But the set we both liked was being discontinued. So we had to pick another.
After much deliberation we settled on a very modern looking Kate Spade design (gold rimmed as opposed to silver this time), which was quite convenient because if you registered for anything Kate Spade, you qualified for a free Kate Spade gift! Complete with her trademark bow!!!
I don’t own anything Kate Spade. And I didn’t even know that Kate Spade had a trademark bow (or that bows can be trademarked) but fortunately, the lovely women at Macy’s set us straight.
I shouldn’t actually be blogging about this because when we got home, sobered up and came to our senses, I realized:
- We already have enough fancy-plates-that-can’t-go-in-the-microwave
- I don’t give a damn about Kate Spade
- I am totally, 100% going to re-gift my free Kate Spade Gift Set
The thing is, when you get married in your 30s and have both already had households of your own before moving in together, you don’t need a ton of stuff.

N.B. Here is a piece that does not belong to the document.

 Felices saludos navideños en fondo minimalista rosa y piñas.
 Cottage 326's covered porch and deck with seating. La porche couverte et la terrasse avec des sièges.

We already have enough flatware. Our coffee pot is fine. There’s nothing inherently wrong with our Ikea wine glasses.
But when Macy’s has a DJ spinning Justin Timberlake in their bedding department and uniformed servers keep plying you with fake drinks and Gorgonzola tarts, you start to think that your flatware, actually, could use an upgrade. And it would be nice to have a better coffee pot: one that grinds the beans. And those confetti-looking champagne flutes are kind of cute. And even though you swore you were only going to buy eco-friendly bedding and already have enough linens to outfit a small youth hostel, that block print comforter is quite nice…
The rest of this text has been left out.